# Stream Ensemble Classification
---

## `NEWeather` dataset

**Description:** The National Oceanic and Atmospheric Administration (NOAA),
has compiled a database of weather measurements from over 7,000 weather 
stations worldwide. Records date back to the mid-1900s. Daily measurements
include a variety of features (temperature, pressure, wind speed, etc.) as
well as a series of indicators for precipitation and other weather-related
events. The `NEweather` dataset contains data from this database, specifically
from the Offutt Air Force Base in Bellevue, Nebraska ranging for over 50 years
(1949-1999).

**Features:** 8 Daily weather measurements
 
|       Attribute      | Description |
|:--------------------:|:-----------------------------|
| `temp`                   | Temperature
| `dew_pnt`                | Dew Point
| `sea_lvl_press`          | Sea Level Pressure
| `visibility`             | Visibility
| `avg_wind_spd`           | Average Wind Speed
| `max_sustained_wind_spd` | Maximum Sustained Wind Speed
| `max_temp`               | Maximum Temperature
| `min_temp`               | Minimum Temperature


**Class:** `rain` | 0: no rain, 1: rain
 
**Samples:** 18,159


In [1]:
import pandas as pd
from river.stream import iter_pandas
from river.metrics import Metrics,Accuracy,BalancedAccuracy,CohenKappa,GeometricMean,Rolling
from river.evaluate import progressive_val_score

In [2]:
data = pd.read_csv("../datasets/NEweather.csv")
features = data.columns[:-1]

## Online Bagging

---
[Online Bagging](https://riverml.xyz/0.10.1/api/ensemble/BaggingClassifier/) is an Online bootstrap aggregation for classification.

In [None]:
from river.ensemble import BaggingClassifier
from river.tree import HoeffdingTreeClassifier

model = BaggingClassifier(model=HoeffdingTreeClassifier(),
                          n_models=10,
                          seed=42)
metrics = Metrics(metrics=[Accuracy(),BalancedAccuracy(),GeometricMean(),CohenKappa()])
stream = iter_pandas(X=data[features], y=data['rain'])

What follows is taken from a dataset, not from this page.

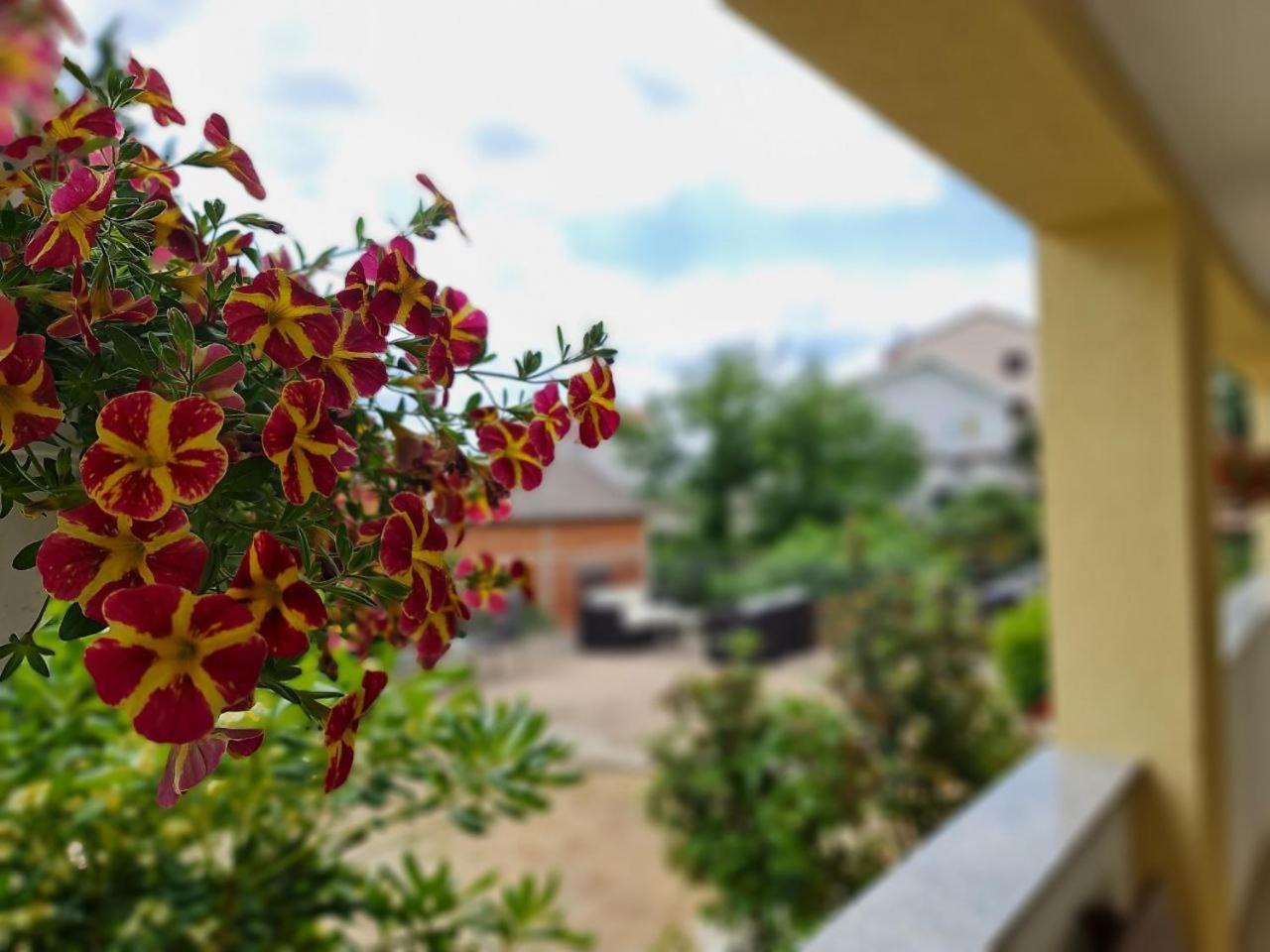 Eden Apartmán Kornić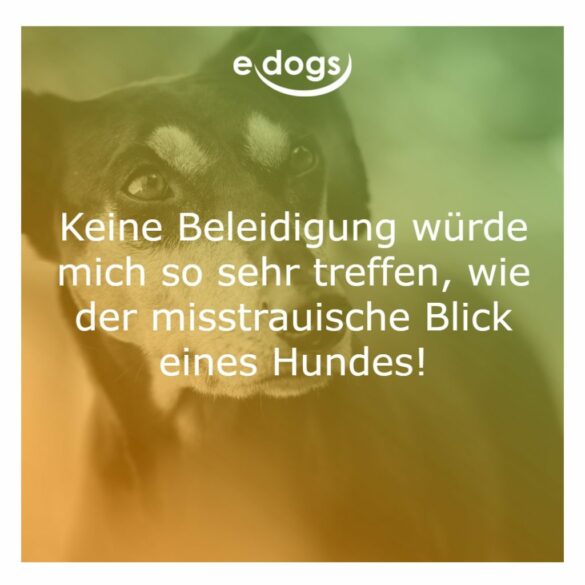 60+ Beste Hundesprüche & Weisheiten edogs.de Magazin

progressive_val_score(dataset=stream,
                      model=model,
                      metric=metrics,
                      print_every=1000)

## Leveraging Bagging
---

[Leveraging Bagging](https://riverml.xyz/0.10.1/api/ensemble/LeveragingBaggingClassifier/) is an improvement over the Oza Bagging algorithm. The bagging performance is leveraged by increasing the re-sampling. It uses a poisson distribution to simulate the re-sampling process. To increase re-sampling it uses a higher w value of the Poisson distribution (agerage number of events), 6 by default, increasing the input space diversity, by attributing a different range of weights to the data samples.

To deal with concept drift, Leveraging Bagging uses the ADWIN algorithm to monitor the performance of each member of the enemble If concept drift is detected, the worst member of the ensemble (based on the error estimation by ADWIN) is replaced by a new (empty) classifier.

In [None]:
from river.ensemble import LeveragingBaggingClassifier
from river.tree import HoeffdingTreeClassifier

model = LeveragingBaggingClassifier(model=HoeffdingTreeClassifier(),
                          n_models=10,
                          seed=42)
metrics = Metrics(metrics=[Accuracy(),BalancedAccuracy(),GeometricMean(),CohenKappa()])
stream = iter_pandas(X=data[features], y=data['rain'])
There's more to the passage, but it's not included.